▸ **ASSIGNED TASK**
Below are some records. Retype exactly the lines from the one containing "Essentials 2-Light Oil" through the one containing "VARSAYILAN Musluk paslanmaz", both included, skipping every picture.

▸ **RECORDS TO PROCESS**

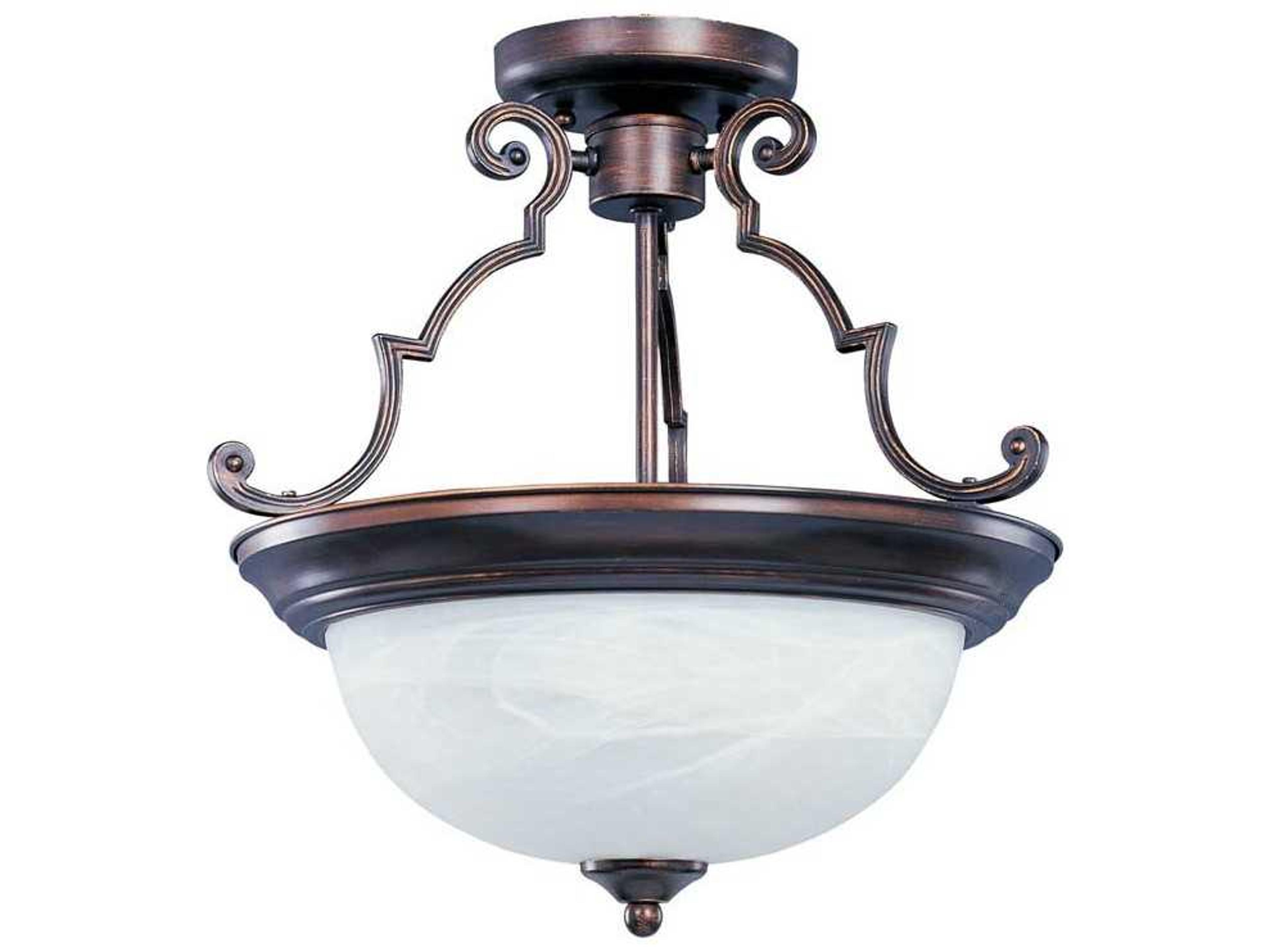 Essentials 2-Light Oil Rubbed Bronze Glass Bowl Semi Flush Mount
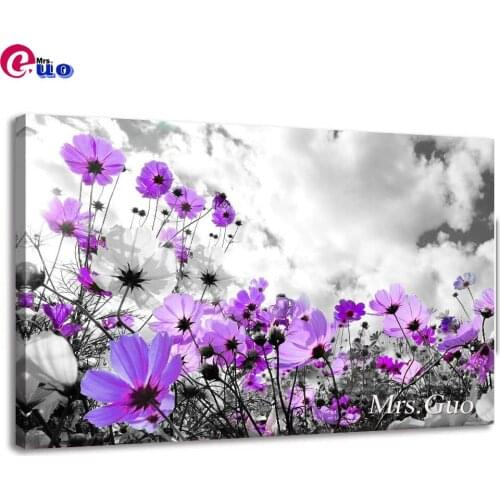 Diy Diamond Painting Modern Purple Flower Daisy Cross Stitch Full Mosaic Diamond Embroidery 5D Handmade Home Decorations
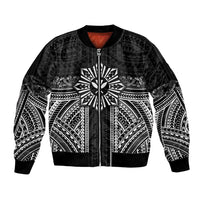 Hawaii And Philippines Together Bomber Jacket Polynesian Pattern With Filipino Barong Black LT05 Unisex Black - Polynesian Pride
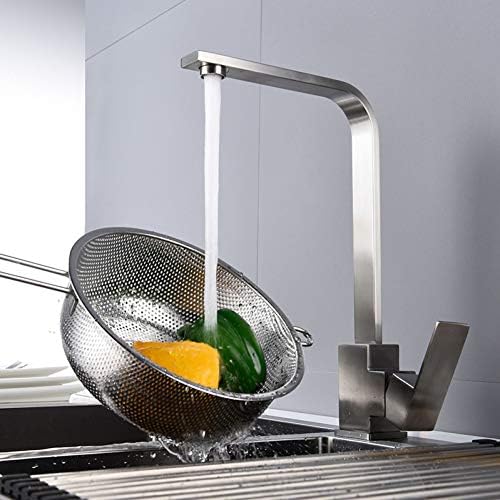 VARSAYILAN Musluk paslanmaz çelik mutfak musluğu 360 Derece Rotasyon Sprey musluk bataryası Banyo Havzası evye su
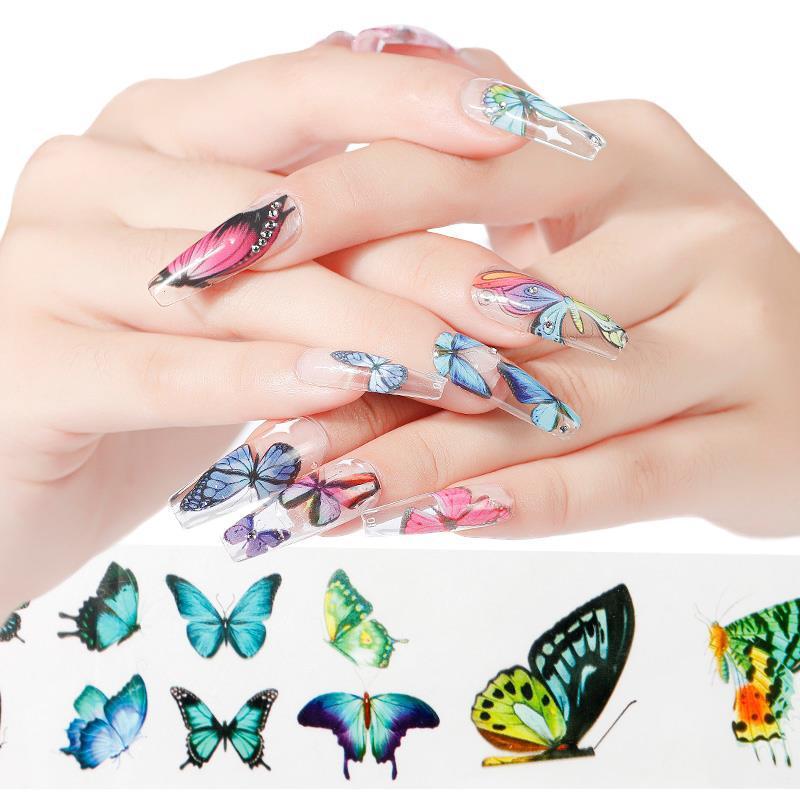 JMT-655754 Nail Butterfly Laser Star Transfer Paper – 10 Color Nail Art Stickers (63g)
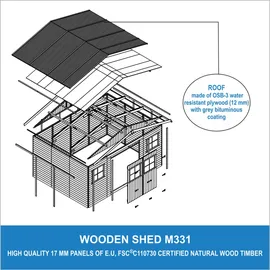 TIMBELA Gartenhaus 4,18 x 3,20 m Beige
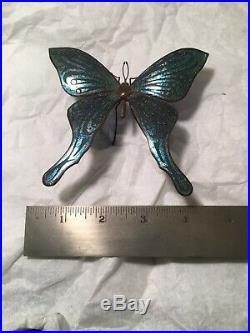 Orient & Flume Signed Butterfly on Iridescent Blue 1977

==

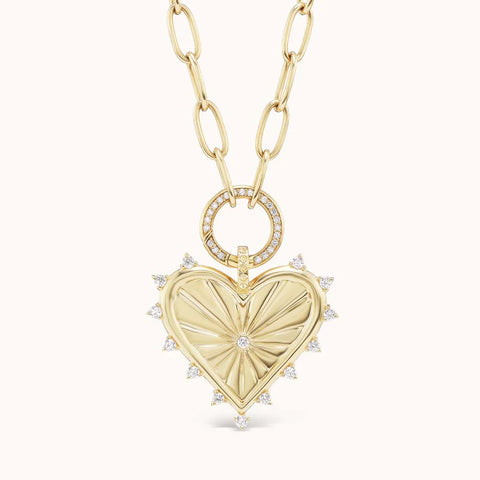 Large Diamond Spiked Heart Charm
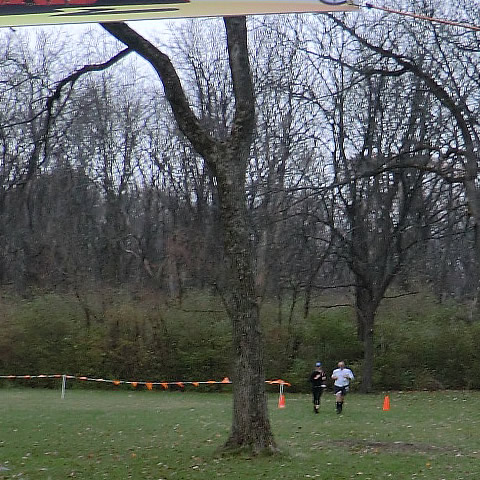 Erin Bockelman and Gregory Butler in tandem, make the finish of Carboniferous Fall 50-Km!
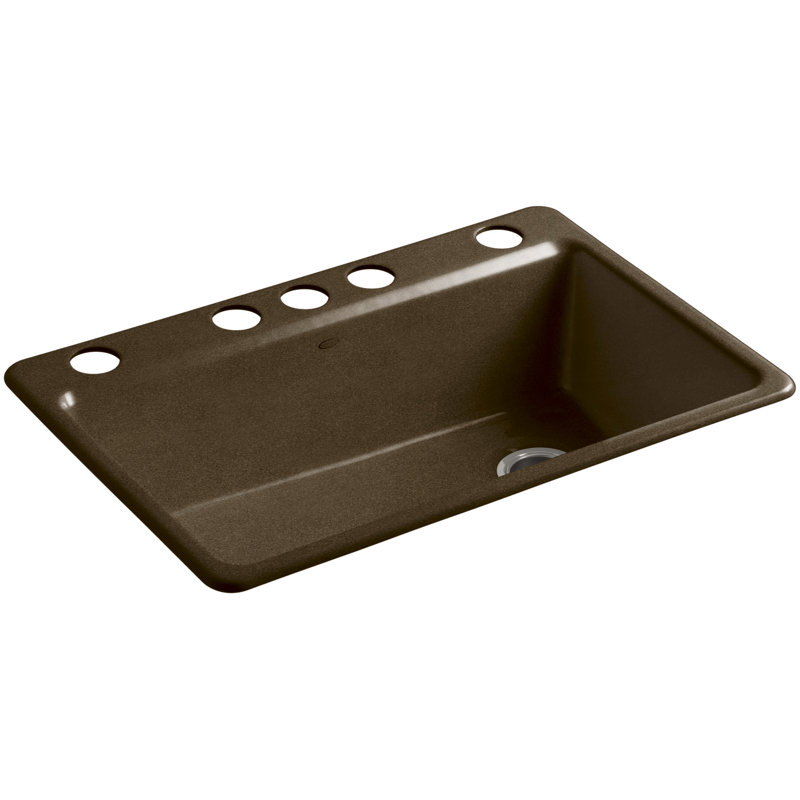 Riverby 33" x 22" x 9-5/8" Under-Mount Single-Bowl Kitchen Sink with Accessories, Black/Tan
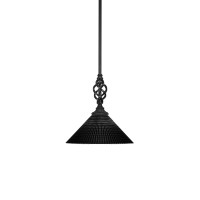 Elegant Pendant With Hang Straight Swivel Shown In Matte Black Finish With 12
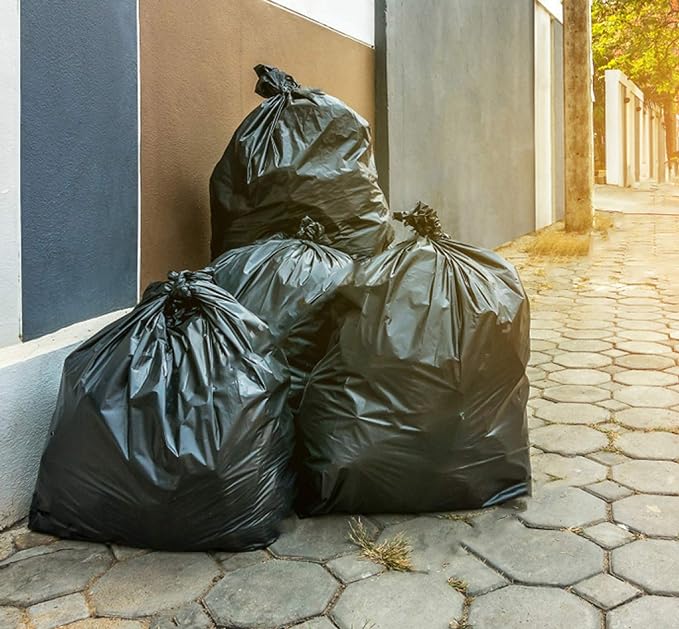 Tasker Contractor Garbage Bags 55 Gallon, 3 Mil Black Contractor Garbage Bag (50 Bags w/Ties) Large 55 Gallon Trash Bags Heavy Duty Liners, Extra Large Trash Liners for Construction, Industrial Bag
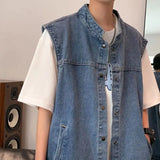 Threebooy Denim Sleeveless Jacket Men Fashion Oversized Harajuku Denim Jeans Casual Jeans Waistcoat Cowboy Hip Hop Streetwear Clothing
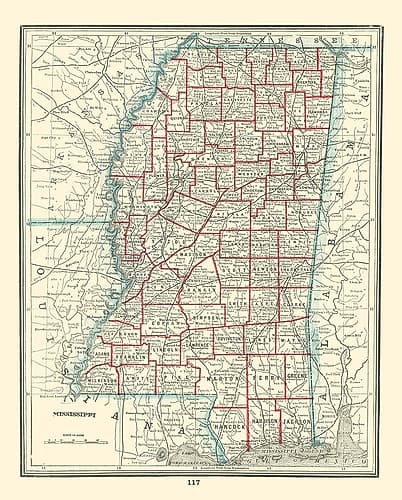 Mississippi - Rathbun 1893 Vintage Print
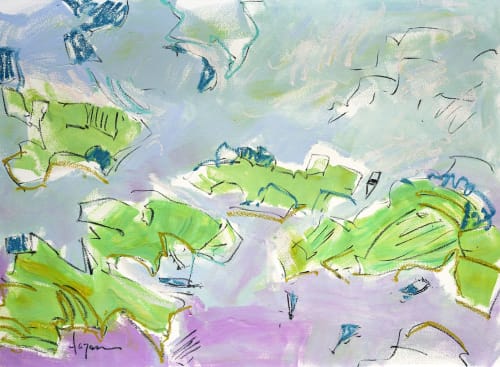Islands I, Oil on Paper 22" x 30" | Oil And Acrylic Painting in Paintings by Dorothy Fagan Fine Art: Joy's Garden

▸ **ANSWER**
 Essentials 2-Light Oil Rubbed Bronze Glass Bowl Semi Flush Mount
 Diy Diamond Painting Modern Purple Flower Daisy Cross Stitch Full Mosaic Diamond Embroidery 5D Handmade Home Decorations
 Hawaii And Philippines Together Bomber Jacket Polynesian Pattern With Filipino Barong Black LT05 Unisex Black - Polynesian Pride
 VARSAYILAN Musluk paslanmaz çelik mutfak musluğu 360 Derece Rotasyon Sprey musluk bataryası Banyo Havzası evye su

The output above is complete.